WORK INSTRUCTIONS =
Write out, without any change, the lines in the material below that run from the line with "Teal Green Georgette" through the line with "Chanel Camellia Round Crossbody Bag w/ Chain", both included.

DATA IN THIS EXERCISE below:

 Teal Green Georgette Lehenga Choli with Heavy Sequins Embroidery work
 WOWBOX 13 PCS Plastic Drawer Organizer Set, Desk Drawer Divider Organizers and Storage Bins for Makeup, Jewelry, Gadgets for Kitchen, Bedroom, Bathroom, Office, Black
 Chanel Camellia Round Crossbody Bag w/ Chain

End of DATA IN THIS EXERCISE.
DATA IN THIS EXERCISE below:

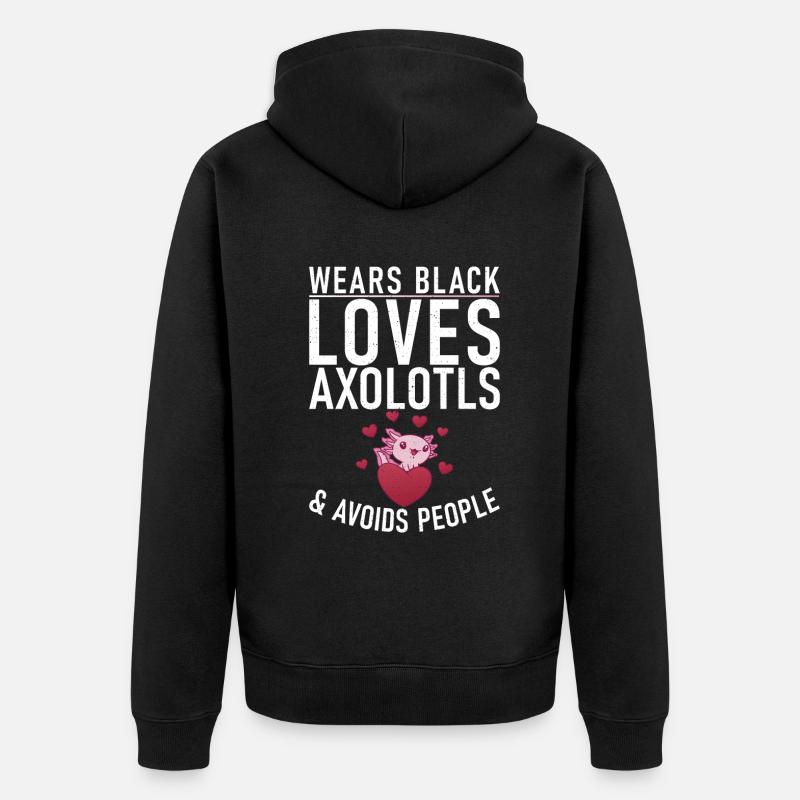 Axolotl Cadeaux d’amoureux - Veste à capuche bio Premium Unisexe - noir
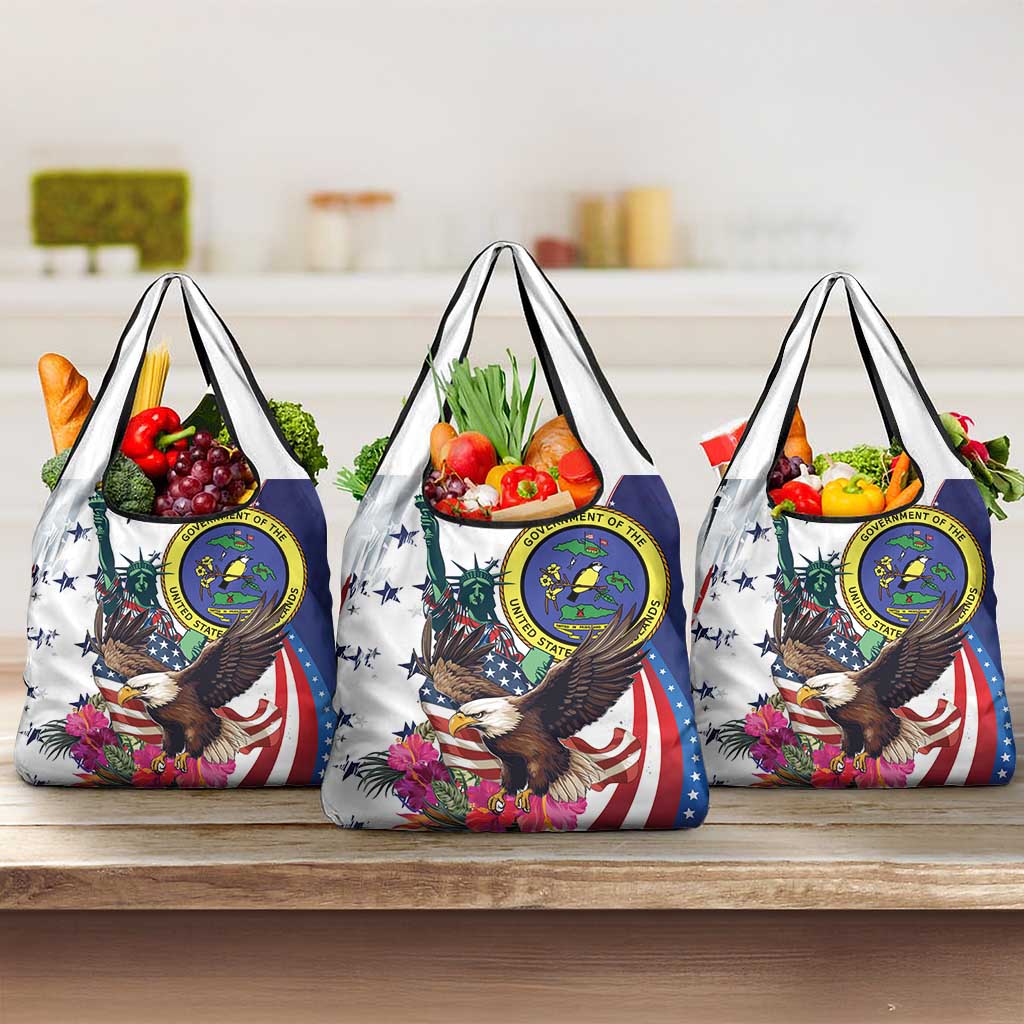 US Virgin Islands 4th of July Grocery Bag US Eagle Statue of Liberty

End of DATA IN THIS EXERCISE.
DATA IN THIS EXERCISE below:

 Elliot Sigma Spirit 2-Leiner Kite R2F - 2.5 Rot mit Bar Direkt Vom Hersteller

End of DATA IN THIS EXERCISE.

SOLUTION BELOW =
 Teal Green Georgette Lehenga Choli with Heavy Sequins Embroidery work
 WOWBOX 13 PCS Plastic Drawer Organizer Set, Desk Drawer Divider Organizers and Storage Bins for Makeup, Jewelry, Gadgets for Kitchen, Bedroom, Bathroom, Office, Black
 Chanel Camellia Round Crossbody Bag w/ Chain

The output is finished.